D’un commun accord, ils amenèrent le corps de Cris à la mission de San Bernardo, et rendirent sa dépouille à son oncle et Amalia. Tous avaient découvert par la bouche d’Elsa le secret de leur ami, ce qu’il leur avait tant caché. Cris était amoureux et voulait épouser Amalia. La jeune fille s’écroula de chagrin, et pleura toute la durée de la cérémonie. Tous restèrent concentrés et graves. Dan songeait que plus jamais il ne saluerait son ami par un tonitruant "holà Cris !", que la vieille grange semblerait vide sans la présence si forte, si sage et raisonnable du Mexicain. Il venait de perdre un ami. Richie ne cessait de revivre l’emballement du troupeau, effrayé par l’orage, qui avait été à l’origine de la mort de son ami. Cris avait tenté de contenir le convoi, Richie avait tenté de l’en dissuader, mais le Mexicain s’était jeté à cœur perdu dans la masse bestiale…Richie l’avait vu tomber, l’avait entendu crier, et revoyait encore les sabots piétiner son ami…Cette vision le hanterait sa vie entière. Anthony réalisait à peine que Cris ne reviendrait plus. Il ne pensait pas cela possible. C’était comme si la famille qu’il s’était construite commençait à se désagréger. Il le regretterait.
Johnnie ne pensait pas. Ou si... Il se disait qu’il n’aimerait pas que Brad disparaisse à son tour. Il se sentirait si désemparé. Brad avait fermé son esprit. Il s’efforçait de ne plus penser, de ne pas souffrir de la perte de cet ami, de ne pas s’en vouloir, de se durcir un peu plus... Ne jamais s’attacher aux gens, c’était une des premières choses qu’il avait apprises, et dans la stabilité de sa nouvelle vie, il s’était surpris à donner son amitié... à Cris, notamment... c’était une erreur. Ne jamais s’attacher ! Jamais !
Elsa avait le regard posé sur la bague que Cris avait offerte à sa promise. C’était son alliance, et ce jour-là, elle ornait le doigt d’une jeune Mexicaine, veuve avant d’avoir pu vivre son amour. Cris était celui de "ses garçons" qui avait le plus la tête sur les épaules, celui qui avait des projets, qui savait où il allait…Elsa se demandait si cela servait vraiment d’avoir des projets dans la vie alors que tout peut s’écrouler d’un moment à l’autre. La gentillesse de Cris lui manquerait. Elle savait déjà qu’elle ne pourrait plus regarder vers le grand cèdre sans espérer y voir le jeune homme qui n’y serait pas. Personne ne remplacerait Cris.
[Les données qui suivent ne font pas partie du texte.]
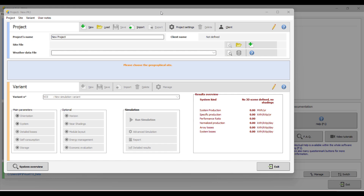Hello everyone, hope you are doing good. In this video tutorial, we will learn how to export weather data from different weather sources, including the meteorological norm and all the sources which exist in PV-sys. We will export any location into PV-sys and then export the weather data. All parameters are explained in this tutorial as well.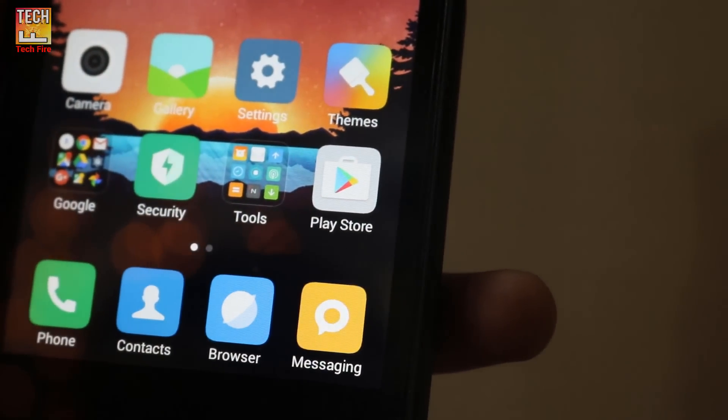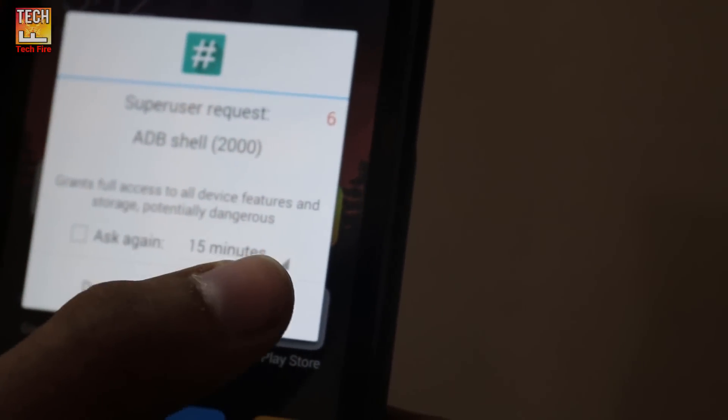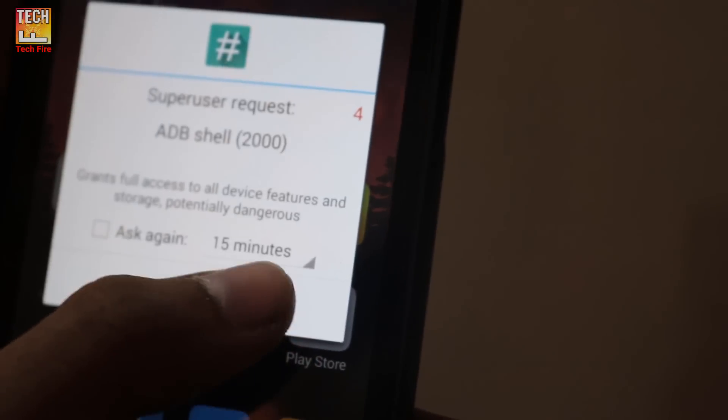Now in your phone, it will ask to grant root permission. Allow it, then your process will start.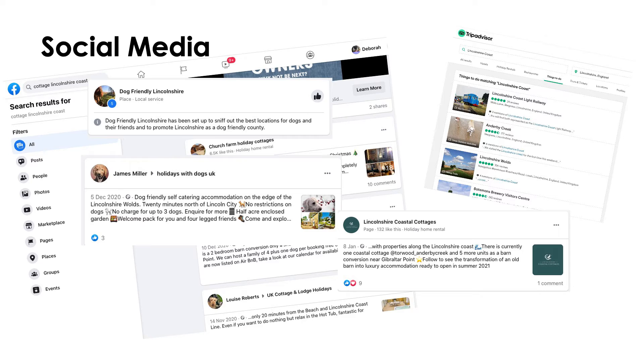Things like TripAdvisor also loosely fall into that social media bracket because it is an interactive forum with user-generated content. TripAdvisor can be super important for those in the visitor economy, so do check what your TripAdvisor listing looks like and ensure that you're interacting with people who put feedback and reviews on there, as that will form part of people's research when they come to look at your business.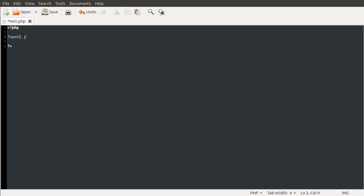The way you get the input from the user into the terminal is by using the fgets function. We use fgets which just gets one line of text. This function will stop reading from this file pointer when it gets to a new line character. And like I said, the file pointer we're going to be using is a predefined constant called stdin. I think that stands for standard input. S-T-D-I-N, all in caps.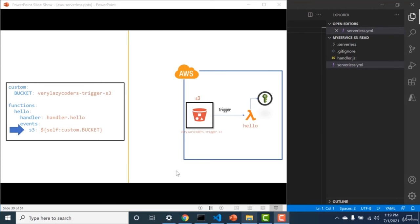In the previous section we talked about HTTP events. In this section we will talk about S3 events. In an S3 event, whenever a file is uploaded onto an S3 bucket, a particular Lambda can be triggered. There is also another key called 'custom' where you can store variables — for example, a variable called 'bucket' storing the bucket name. To access this variable, you use the syntax 'self:custom.bucket'. This is how you use custom variables within your serverless.yaml file.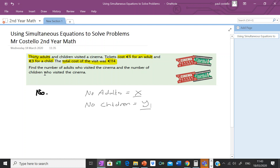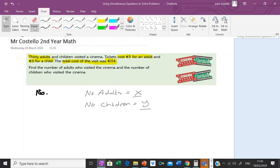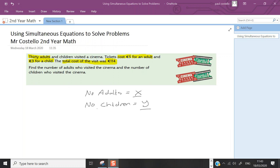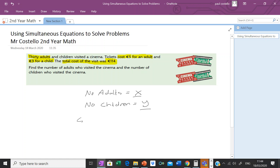That's what the question asks — find the number of adults and the number of children who visited the cinema. So if x is the number of adults and y is the number of children, we can see that tickets for an adult cost five euro and for a child cost three euro. The total adds up to 114 euro, so we can create an equation: 5x plus 3y equals 114.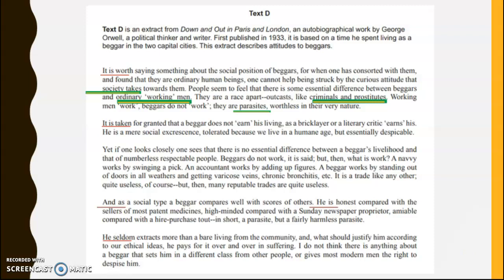He uses the metaphor 'they are parasites' — not because Orwell believes that, but to describe how beggars are seen by society. So in terms of lexis, we're getting metaphorical language, the use of nouns, and the use of participles that you could comment on.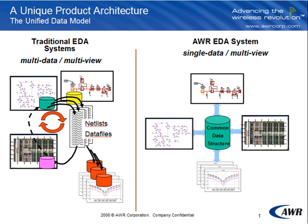In the AWR design environment there's only one data model and all the views of the design - the schematic, the layout, the simulation results whether it's circuit or system level analysis - all look at that same data model and whenever it changes they test to see whether they should update themselves.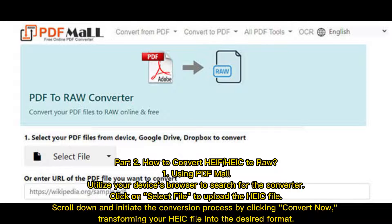Part 2: How to convert HEIF to RAW. Method 1: Using PDFMOL — utilize your device's browser to search for the converter. Click on Select File to upload the HEIF file, scroll down and initiate the conversion process by clicking Convert Now, transforming your HEIF file into the desired format.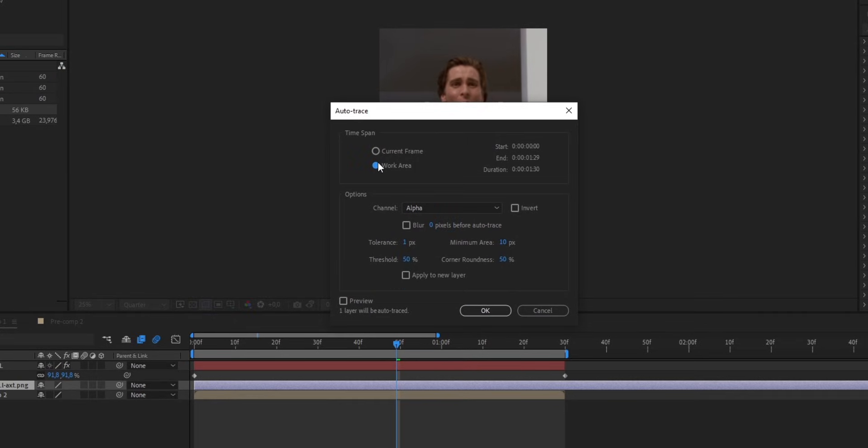Now here, you're gonna select Work Area, leave these settings how they are, and press OK. Now this process is just automatically gonna detect our edges and create a mask around them that we can now use to make our logo fade up.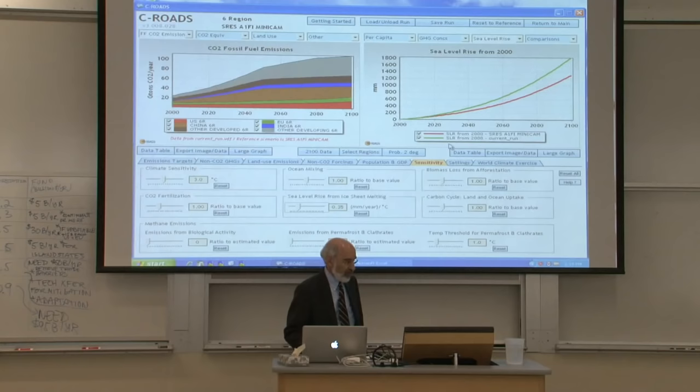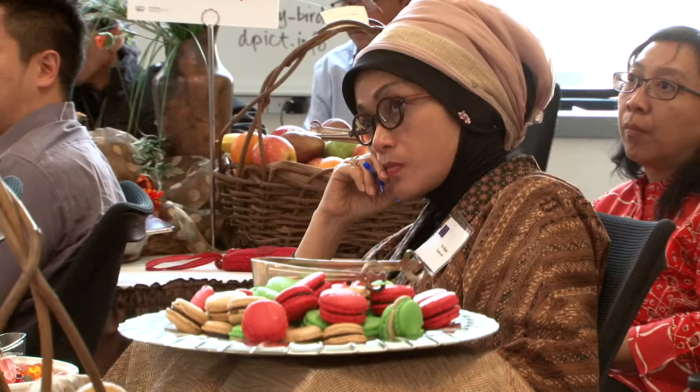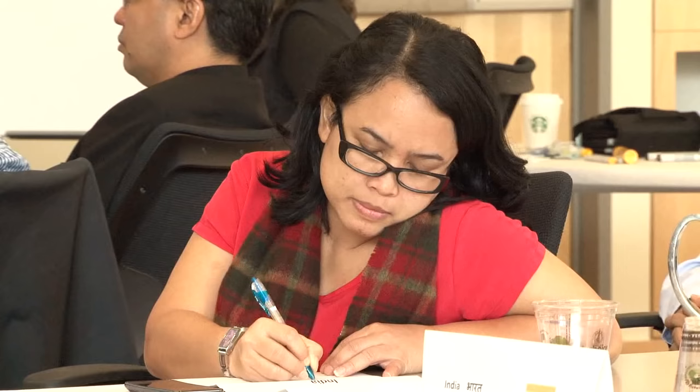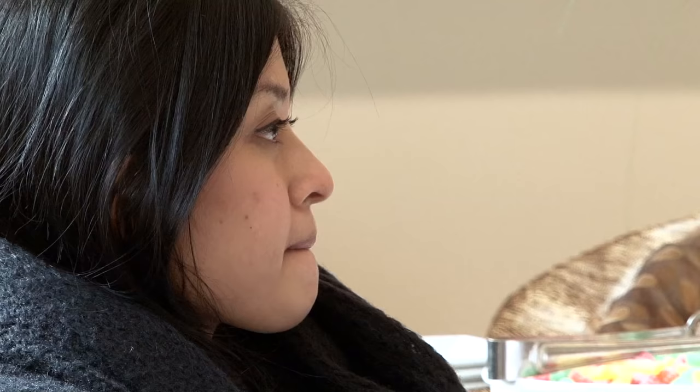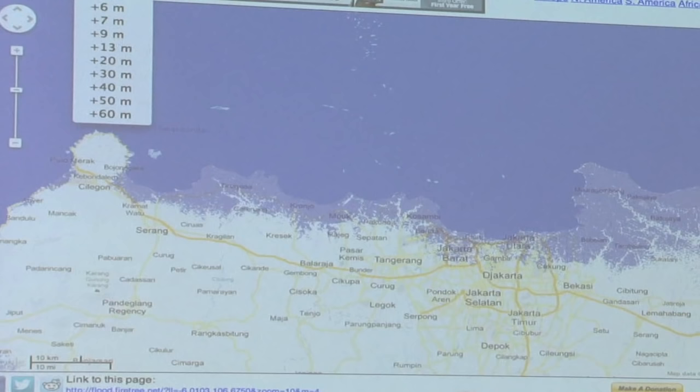Then what we do that's novel is we take their proposals and enter them into the C-Roads climate policy simulation model. It takes their proposals and then immediately provides them with feedback on what the likely consequences are.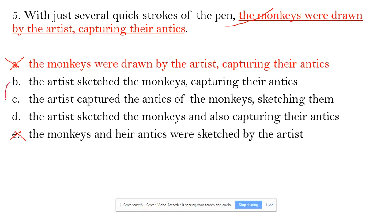Now looking at B, C, and D. Option B: 'The artist sketched the monkeys, capturing their antics.' Option C: 'The artist captured the antics of the monkey, sketching them.' Here, 'sketching them' is ambiguous — does 'them' refer to the monkeys or the antics?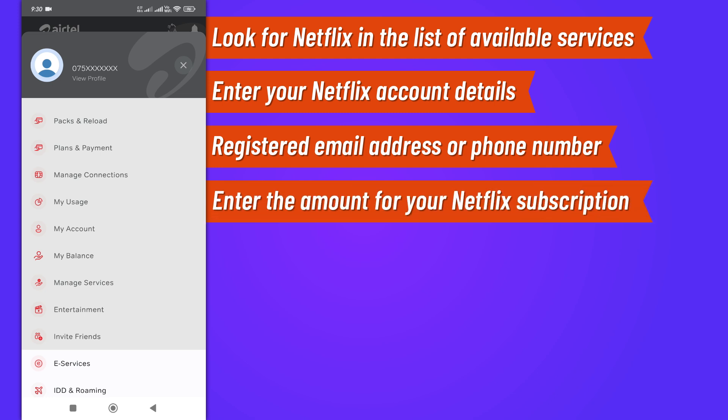Enter the amount you need to pay for your Netflix subscription. Double-check the amount to ensure it matches your subscription plan.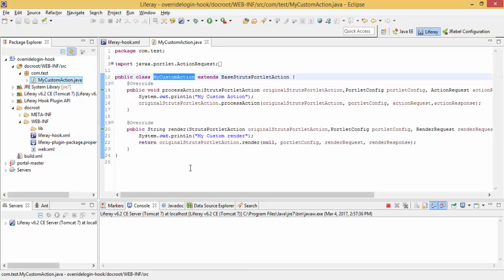Hello friends, in the previous video, we wrote a hook to override Struts action. So in this video, we try to write our own custom action.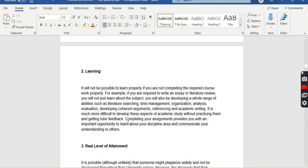Completing your assignment provides an important opportunity to learn about your discipline area and communicate your understanding to others. These are all valuable skills you develop while working on your assignment, but if you are involved in plagiarism you will miss all of them.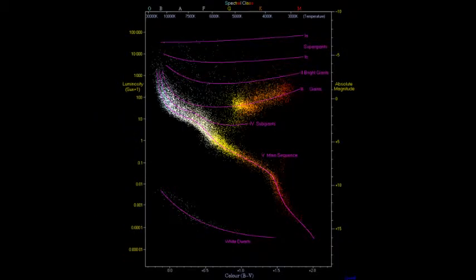A main sequence star is the stage our sun is currently in. This is the longest stage of a star's life. A process called nuclear fusion takes place on stars during this stage, and this acts as our sun's fuel. Nuclear fusion is when atoms react and produce energy. The main form of energy released is heat.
Ted rajusta son chapeau et s’écarta à pas lents de la tombe de son adjoint. Cris avait été celui qui ne l’avait jamais déçu. Un employé modèle, l’adjoint idéal. Ted avait su dès le premier jour qu’il accomplirait un travail exceptionnel, et cela avait été le cas. Il était digne de confiance. Le shérif n’avait jamais pensé qu’il pouvait disparaître ainsi. Autant, il n’aurait pas été surpris, quoique très touché, que Dan ou Brad se fasse tuer, tant leurs comportements étaient extrêmes, mais Cris... Ted ne s’était pas vraiment préparé à se confronter à la mort d’un de ses gars. Ce n’était pas prévu, se répétait-il. Maintenant, ils devraient continuer leur mission sans lui. Et un grand vide emplirait la vieille grange.
Tous s’éloignèrent, laissant Fernando et Amalia profiter de derniers instants de recueillement. Richie jeta un regard en arrière, et embrassant la tombe fraîchement fleurie, il murmura ; - Adiòs Cristobal !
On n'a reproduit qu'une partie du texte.